En rigor, si bien hemos avanzado en quitar el carácter de ilícito a varias actividades relacionadas con la educación, el acceso por discapacitados y la actividad de bibliotecas y museos, todavía existen espacios importantes donde nuestra ley no resuelve a la luz del acceso, sino a favor de la protección. Como ejemplos de aquello podemos señalar nuestra todavía deficiente consagración del patrimonio cultural común, la falta de posibilidades de acción sobre ejemplares de obras lícitamente adquiridas (por ejemplo, para pasar la música de un CD a un iPod), el incierto estado legal de la documentación del Estado o de otras obras e informes financiados con fondos públicos, la falta de provisiones que garanticen la subversión de medidas tecnológicas de protección con fines lícitos, o la incertidumbre sobre la gestión de obras huérfanas.

En suma, contamos con un régimen de derecho de autor que, recién a partir de hace cerca de un año, comienza lentamente a equilibrar los intereses de titulares de derechos y los intereses públicos.
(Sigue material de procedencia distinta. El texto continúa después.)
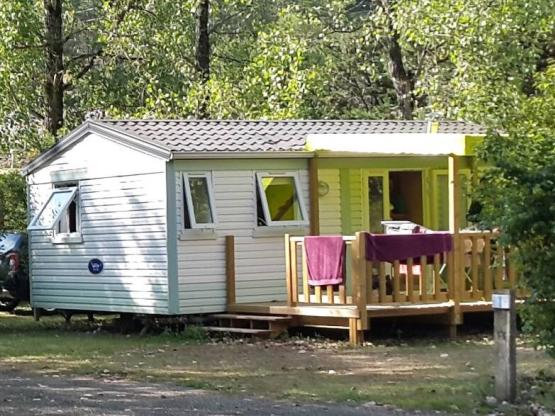 Mobil-home IRM (samedi) avec sanitaires + TV + terrasse couverte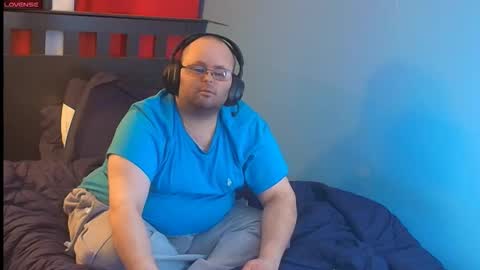 Snapshot of subzero_2689 chatting on February 17, 12:18 am subzero online show from February 17, 12:18 am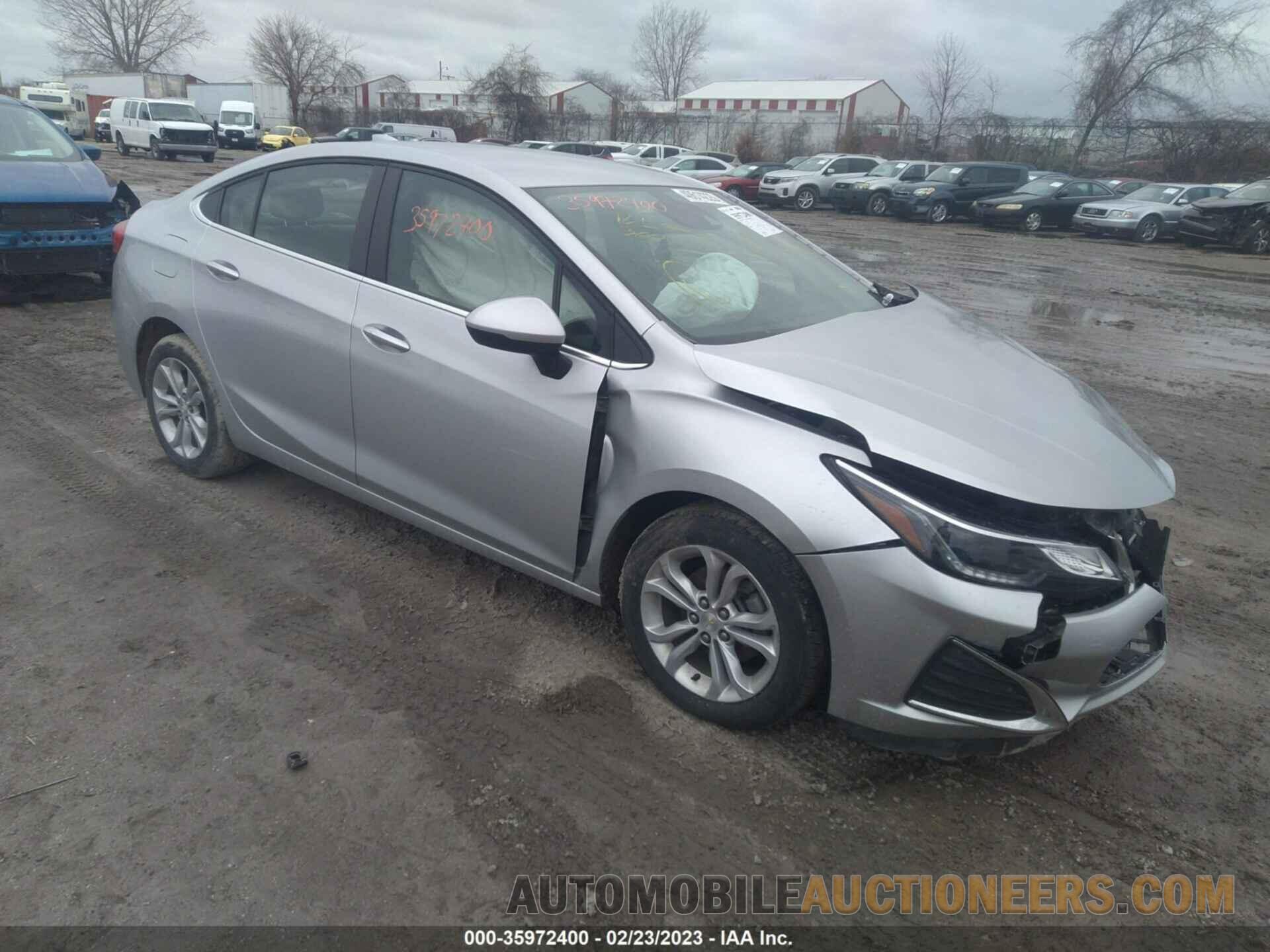 1G1BE5SM8K7124141 CHEVROLET CRUZE 2019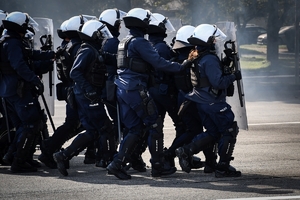 Policyjni jeźdźcy na koniach podczas przygotowań do atestacji na placu Oddziału Prewencji Policji w Rzeszowie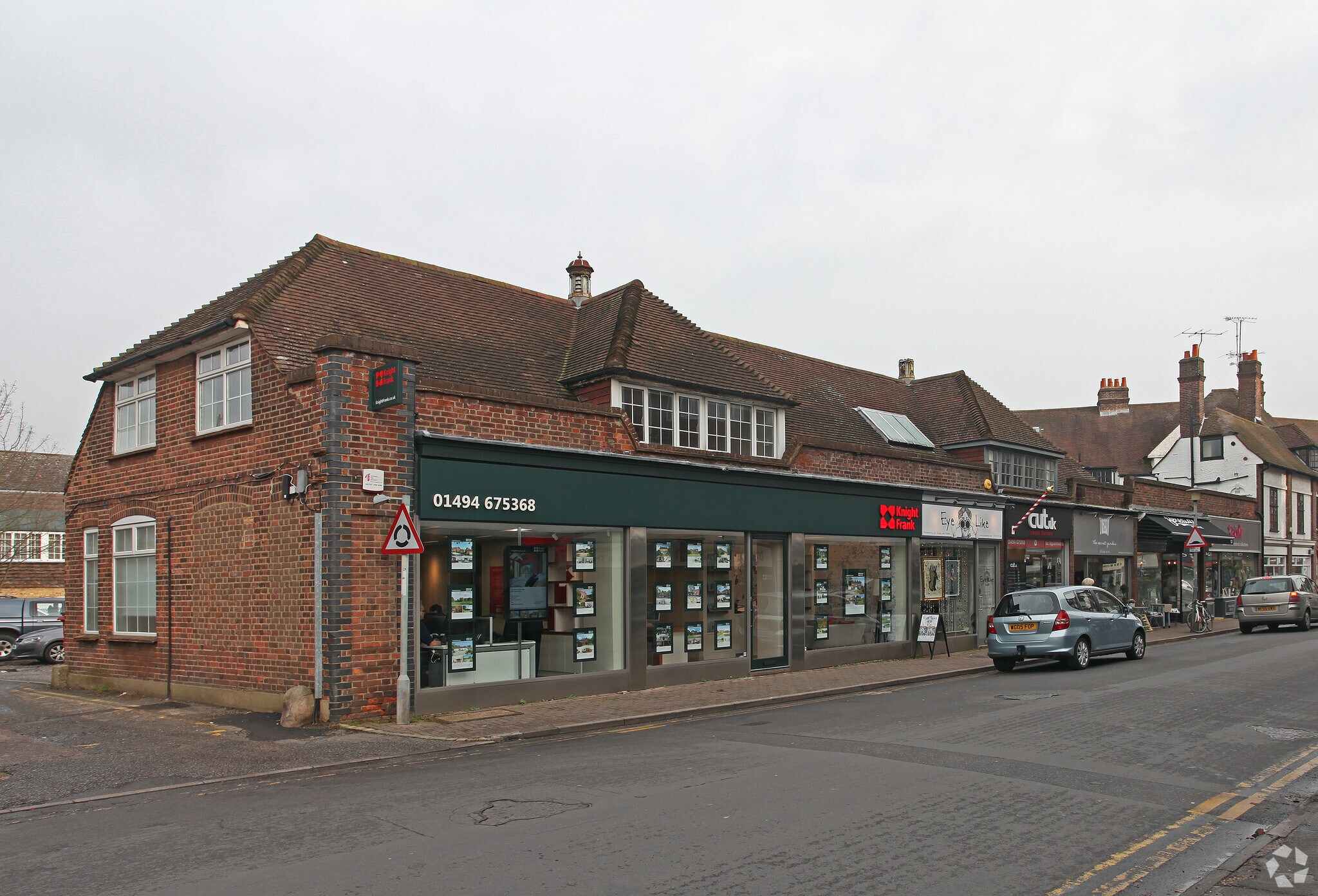 18-24 Gregories Rd, Beaconsfield, BKM for Rent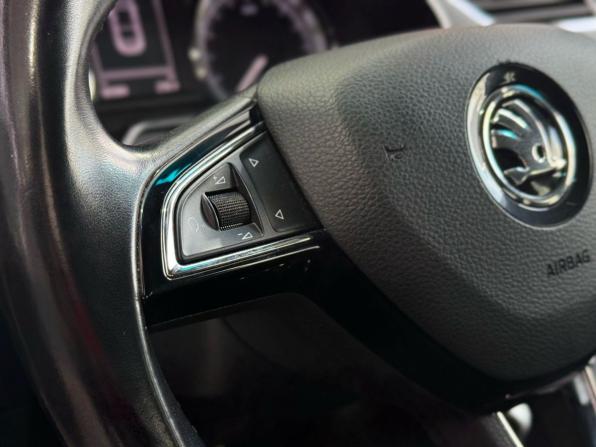 Skoda Octavia III (A7) Рестайлинг с пробегом 2019 года, цена 1 759 000 рублей, 90570 км, лифтбек, Автокод Объявления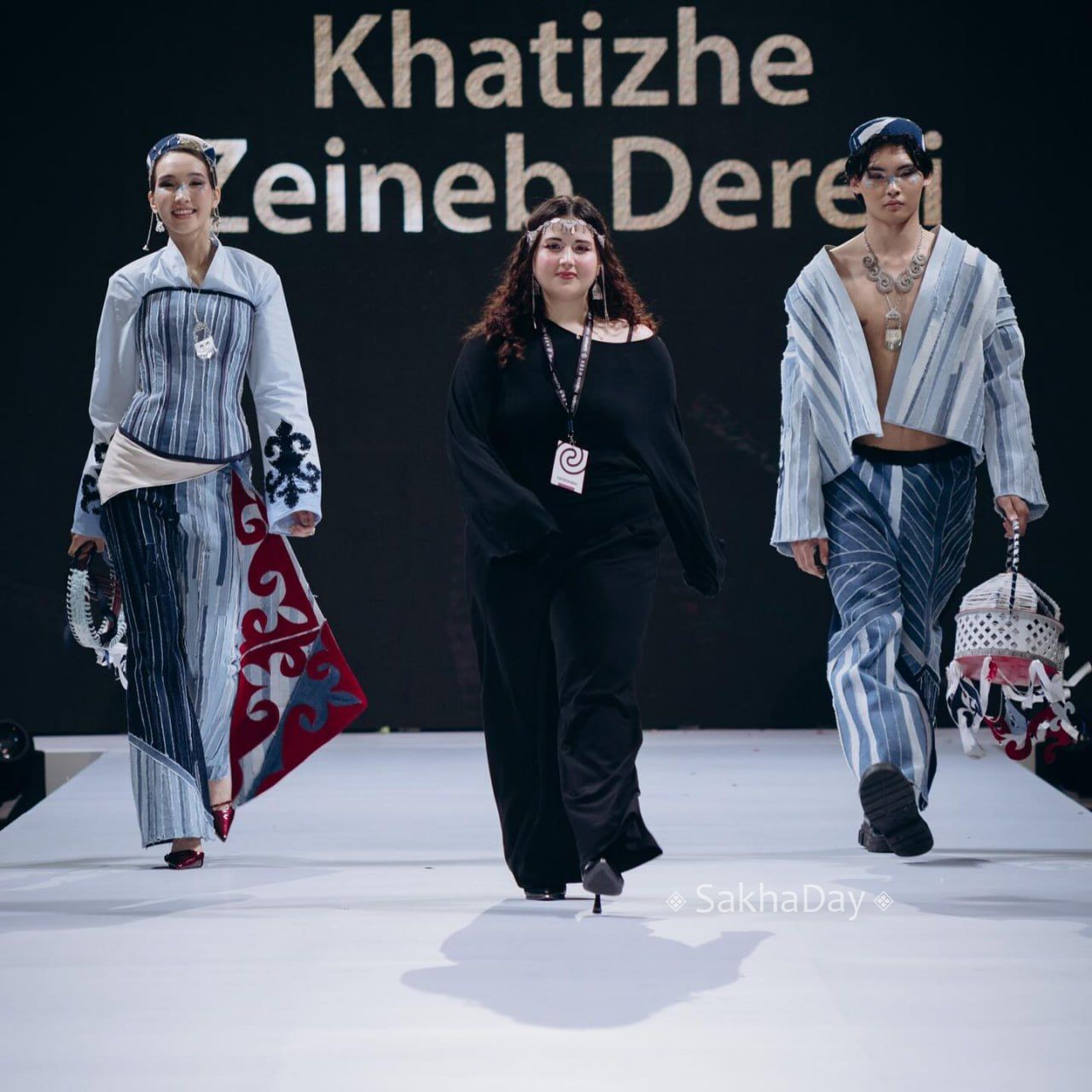 Якутянка Айыына Пудова на показе в Дубае Якутянка Айыына Пудова на показе в Дубае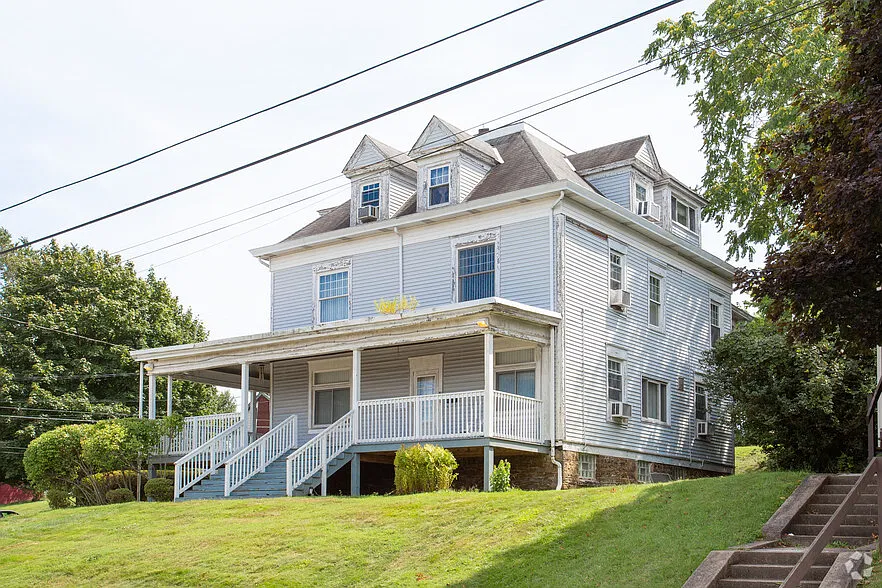 502 Mitchell Ave #1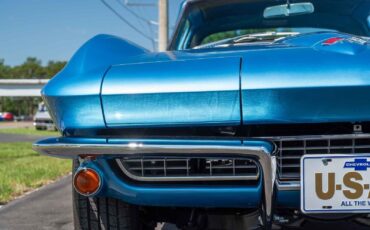 Chevrolet-Corvette-1966-2-Door-30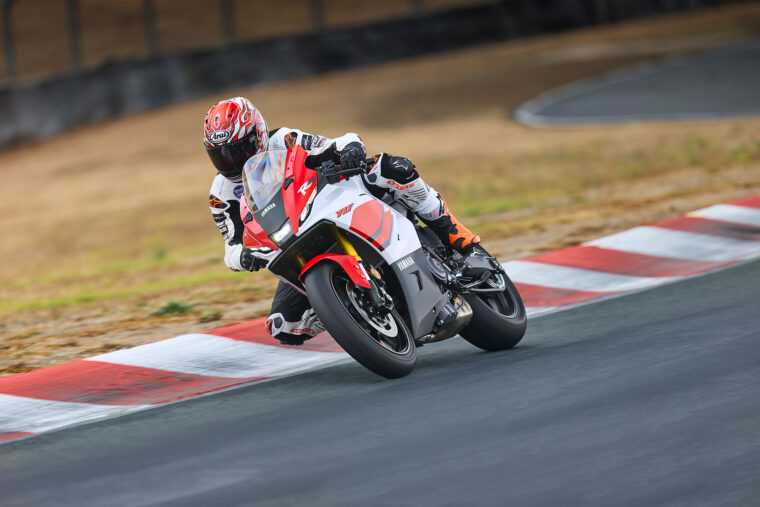 Yamaha-R7-2026-accion29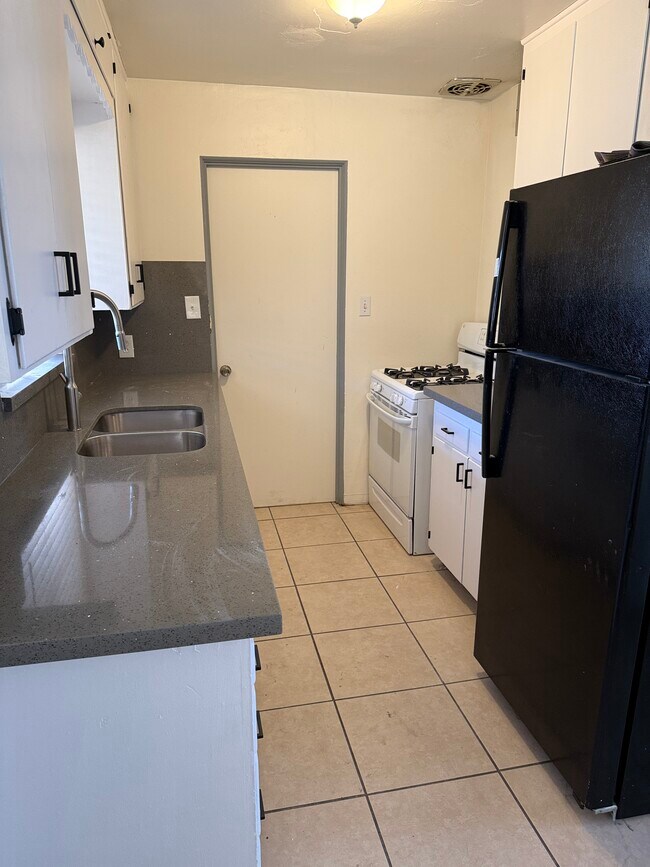 Photo - 223 E 2nd St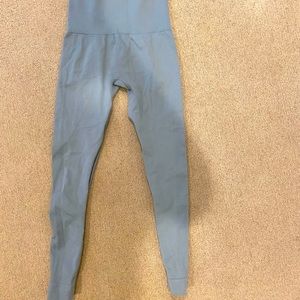 Light Teal Set Active Leggings (Rain)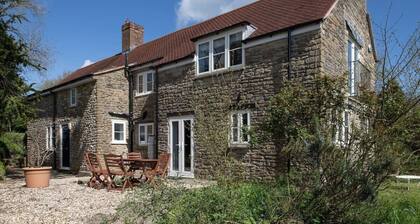 Secluded Cottage & Garden nr Sherborne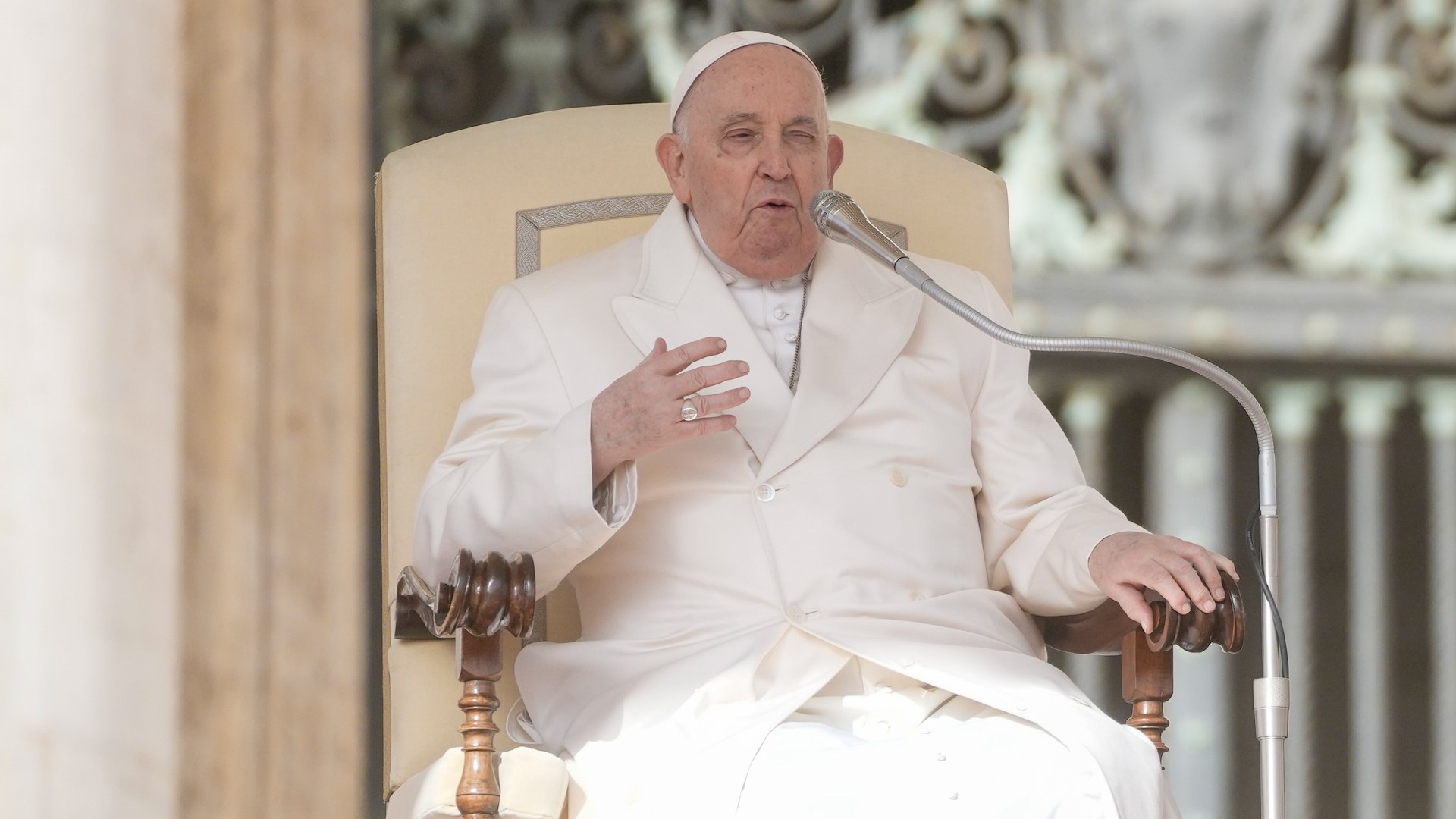 El Papa se disculpa tras decir que no admitira a candidatos homosexuales en los seminarios porque ya hay "mucho mariconeo"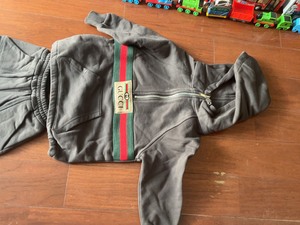 Gucci 儿童 男女同款 98新 裤子没有穿过！衣服穿过一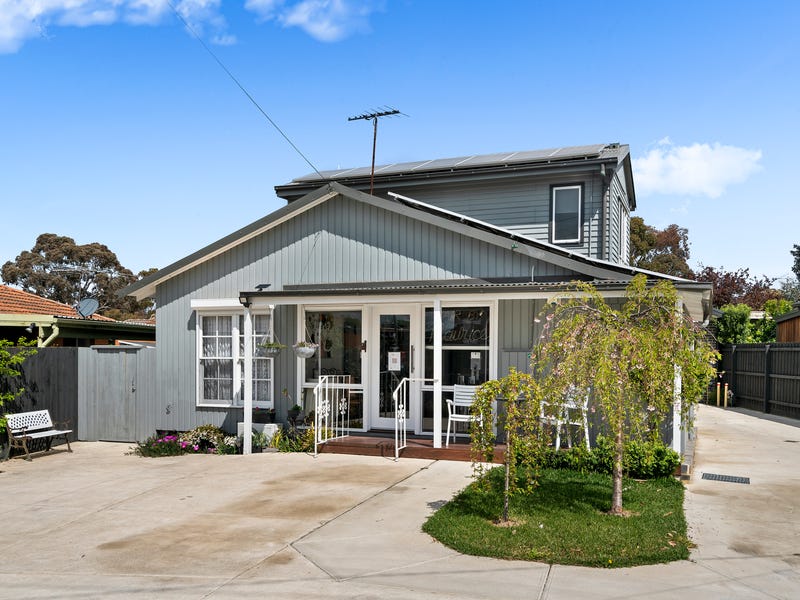 17 Melba Avenue, Sunbury, VIC 3429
Es por eso que no parece sensato conformarse con los avances de la reforma de 2010. Por el contrario, ella constituye apenas un primer paso en la consagración de un régimen de real equilibrio entre los distintos intereses en juego, que no se formule en razón de la presión de industrias de países ricos sino considerando los intereses de la comunidad completa. Porque cualquier iniciativa de reforma legal ya no será solamente observada desde cerca por las industrias titulares de derechos, sino también de los consumidores y usuarios del mundo.